Roger Bacon: Doctor Mirabilis
J.J.N. McGurk profiles Roger Bacon; a 13-century Franciscan, with a reputation as a necromancer, who showed a remarkable combination at Oxford and in Paris of philosophic and scientific gifts.
A stern and bitter critic of his contemporaries, a stormy petrel in his Order, the Franciscans, a crank in thirteenth-century philosophic circles, a bold innovator in experimental science, brilliant teacher, theologian and scientist, Roger Bacon was all of these and more. Yet many of his writings were condemned and soon went into oblivion, so that within a century of his death the only reputation he gained was as a magician, and this endured until the seventeenth century.
Bacon was accredited with all sorts of magical achievements in the popular imagination because of his advanced thinking on the need for experimental science and its practical possibilities.
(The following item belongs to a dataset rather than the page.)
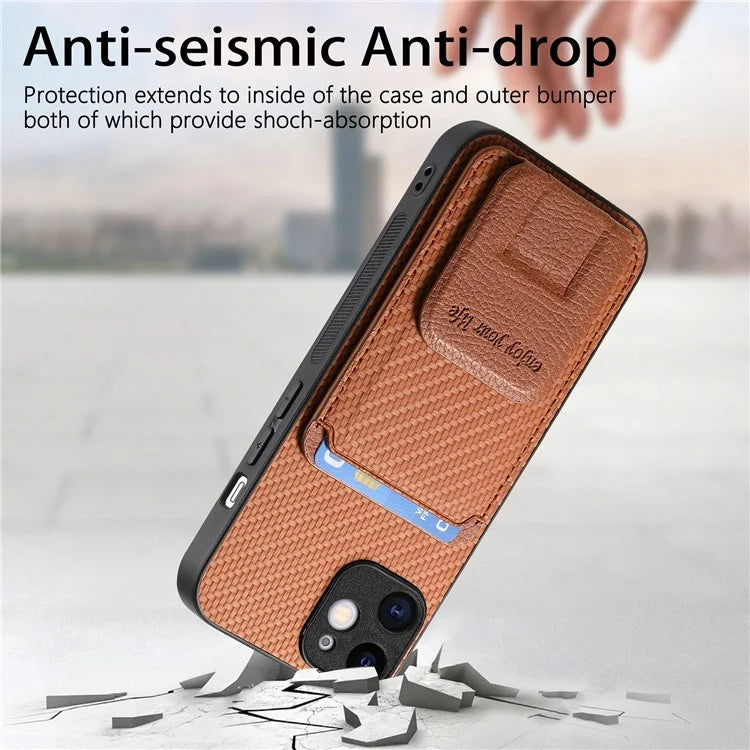 C1-11 Phone Case for iPhone 12 6.1 inch Shell Anti-dust Card Holder Kickstand Cover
Legends of his league with the devil gathered momentum by the beginning of the fourteenth century and appear as late as the sixteenth century in Robert Greene’s comedy Friar Bacon and Friar Bungay.
By the end of the sixteenth century only three of his more minor works had been printed; and it may well be that one of these treatises ‘on the marvellous power of art and nature’ gave him this enduring reputation for magical powers and mechanical inventions.